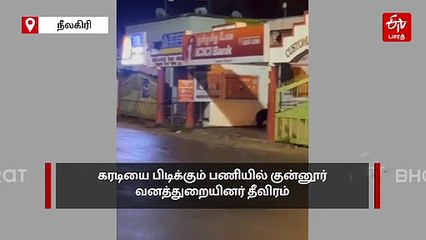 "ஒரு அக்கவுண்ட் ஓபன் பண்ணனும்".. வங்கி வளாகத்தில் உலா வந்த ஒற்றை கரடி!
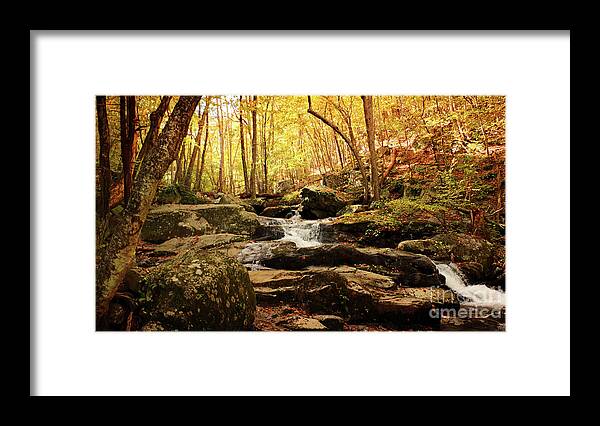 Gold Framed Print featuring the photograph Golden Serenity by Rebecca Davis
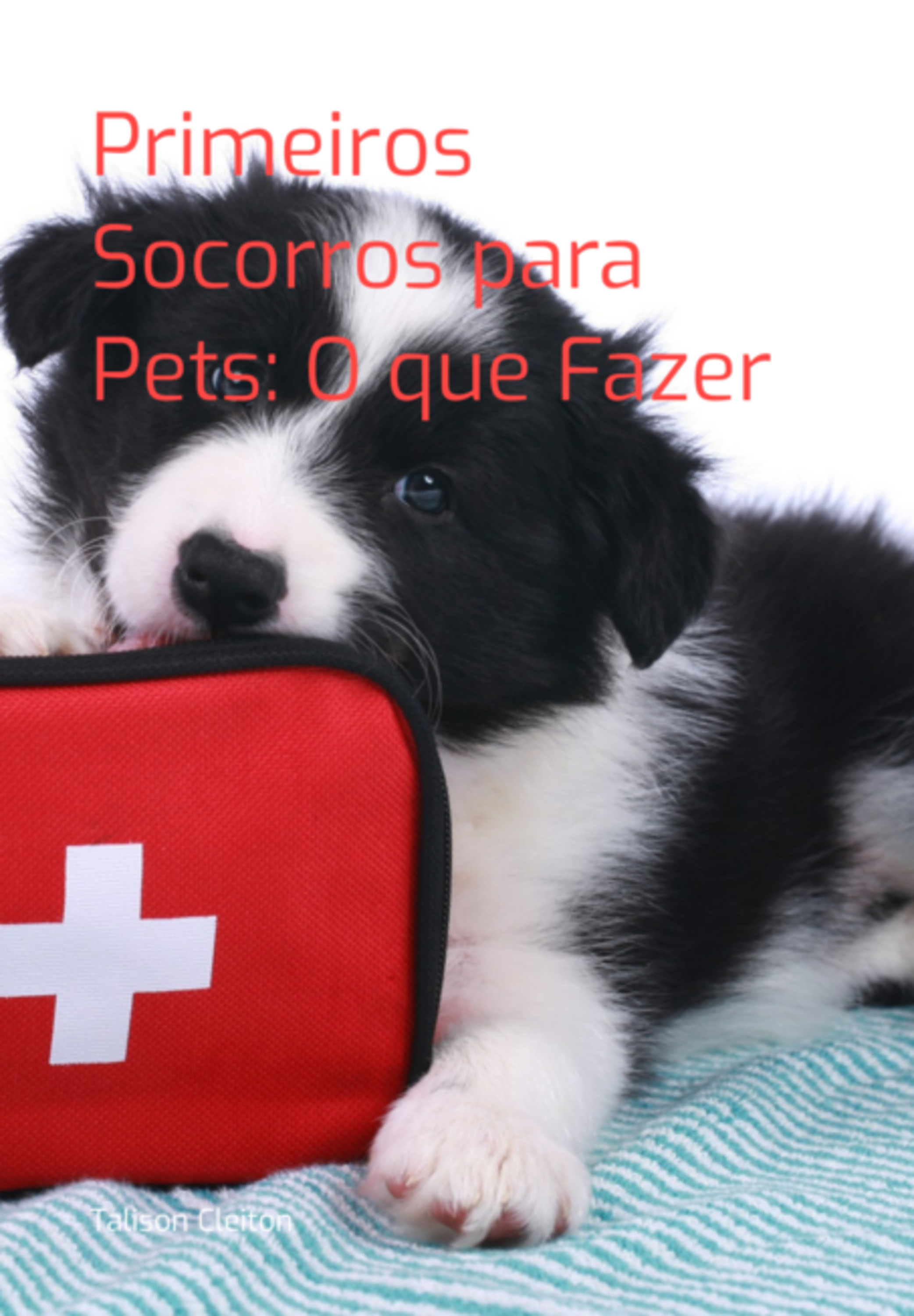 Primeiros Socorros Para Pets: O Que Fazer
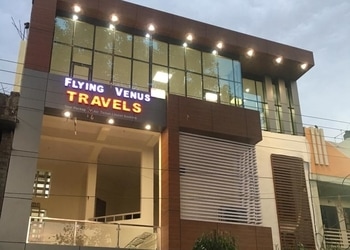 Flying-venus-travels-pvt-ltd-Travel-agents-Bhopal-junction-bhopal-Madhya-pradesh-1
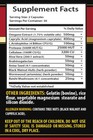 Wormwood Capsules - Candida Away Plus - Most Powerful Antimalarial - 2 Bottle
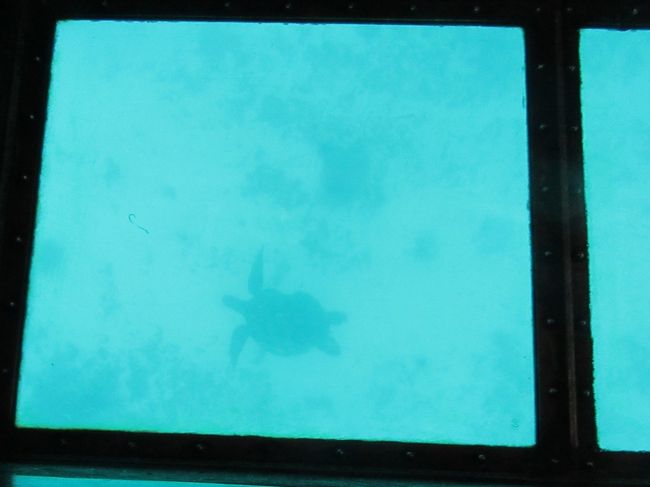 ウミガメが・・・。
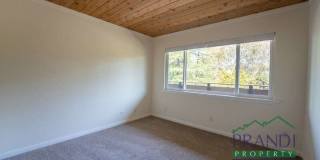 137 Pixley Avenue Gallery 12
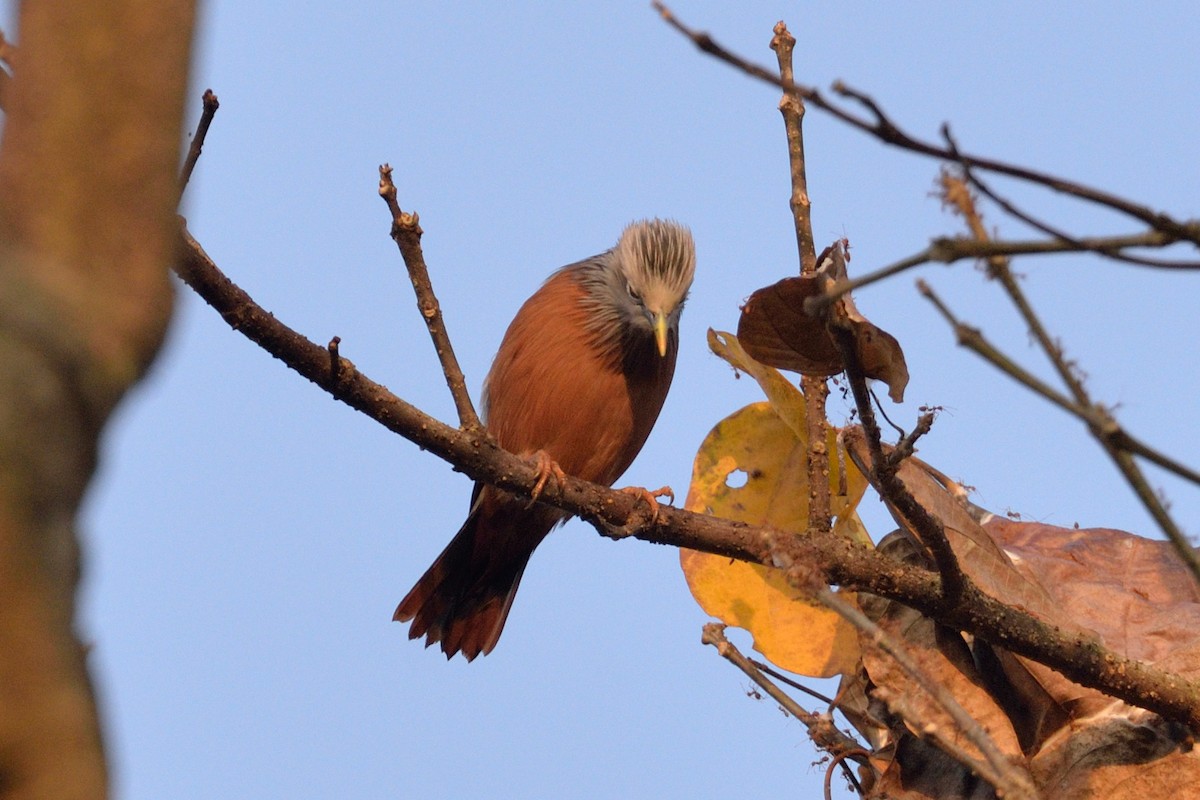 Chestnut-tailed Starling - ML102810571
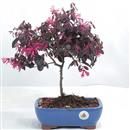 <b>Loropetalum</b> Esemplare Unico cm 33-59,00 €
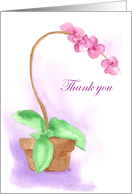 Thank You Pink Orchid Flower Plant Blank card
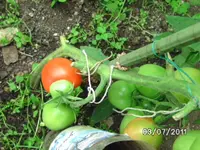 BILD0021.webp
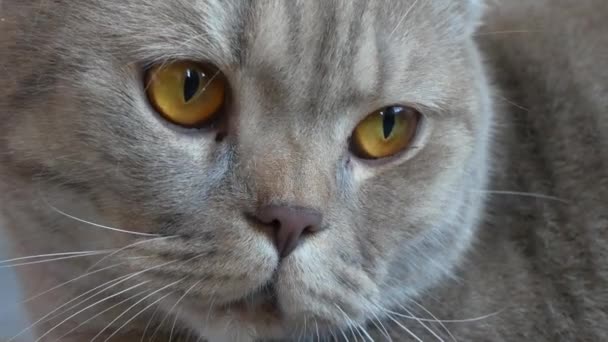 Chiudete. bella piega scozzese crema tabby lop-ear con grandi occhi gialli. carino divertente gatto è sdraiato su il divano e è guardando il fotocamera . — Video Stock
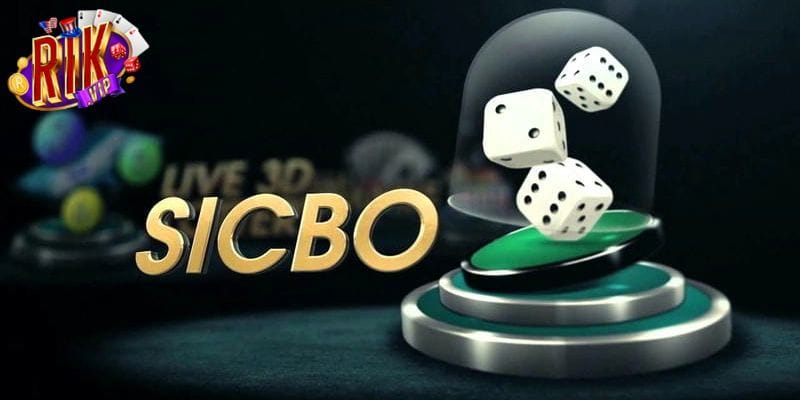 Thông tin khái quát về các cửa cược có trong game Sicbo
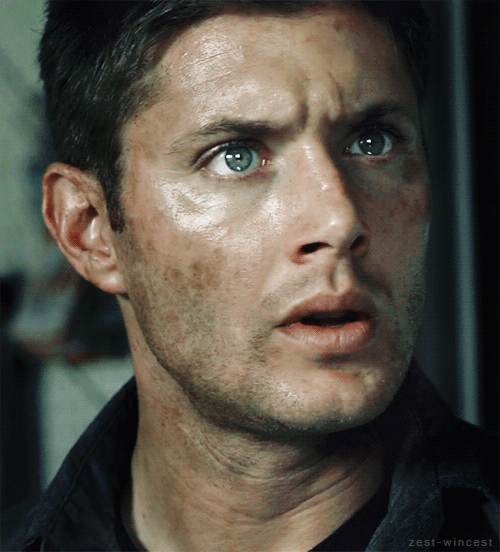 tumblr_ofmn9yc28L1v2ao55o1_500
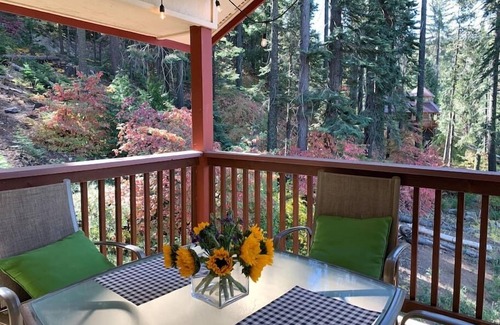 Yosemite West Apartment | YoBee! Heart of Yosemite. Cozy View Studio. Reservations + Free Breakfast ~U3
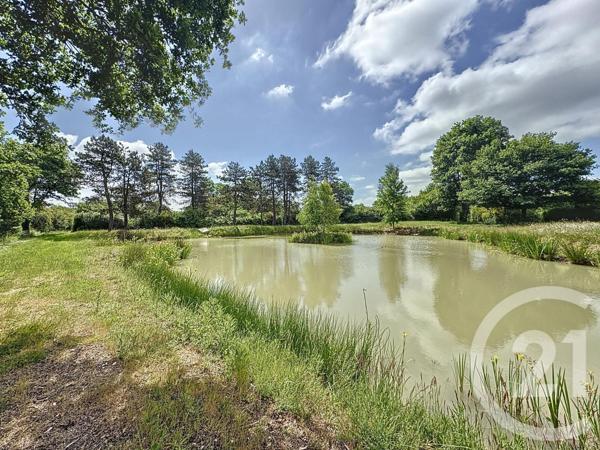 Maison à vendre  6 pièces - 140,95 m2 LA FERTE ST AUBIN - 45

Description of the task >> If the material above contains pictures, exclude them from an otherwise exact transcription.

Response area >>
 "ஒரு அக்கவுண்ட் ஓபன் பண்ணனும்".. வங்கி வளாகத்தில் உலா வந்த ஒற்றை கரடி!
 Gold Framed Print featuring the photograph Golden Serenity by Rebecca Davis
 Primeiros Socorros Para Pets: O Que Fazer
 Flying-venus-travels-pvt-ltd-Travel-agents-Bhopal-junction-bhopal-Madhya-pradesh-1
 Wormwood Capsules - Candida Away Plus - Most Powerful Antimalarial - 2 Bottle
 ウミガメが・・・。
 137 Pixley Avenue Gallery 12
 Chestnut-tailed Starling - ML102810571
 <b>Loropetalum</b> Esemplare Unico cm 33-59,00 €
 Thank You Pink Orchid Flower Plant Blank card
 BILD0021.webp
 Chiudete. bella piega scozzese crema tabby lop-ear con grandi occhi gialli. carino divertente gatto è sdraiato su il divano e è guardando il fotocamera . — Video Stock
 Thông tin khái quát về các cửa cược có trong game Sicbo
 tumblr_ofmn9yc28L1v2ao55o1_500
 Yosemite West Apartment | YoBee! Heart of Yosemite. Cozy View Studio. Reservations + Free Breakfast ~U3
 Maison à vendre  6 pièces - 140,95 m2 LA FERTE ST AUBIN - 45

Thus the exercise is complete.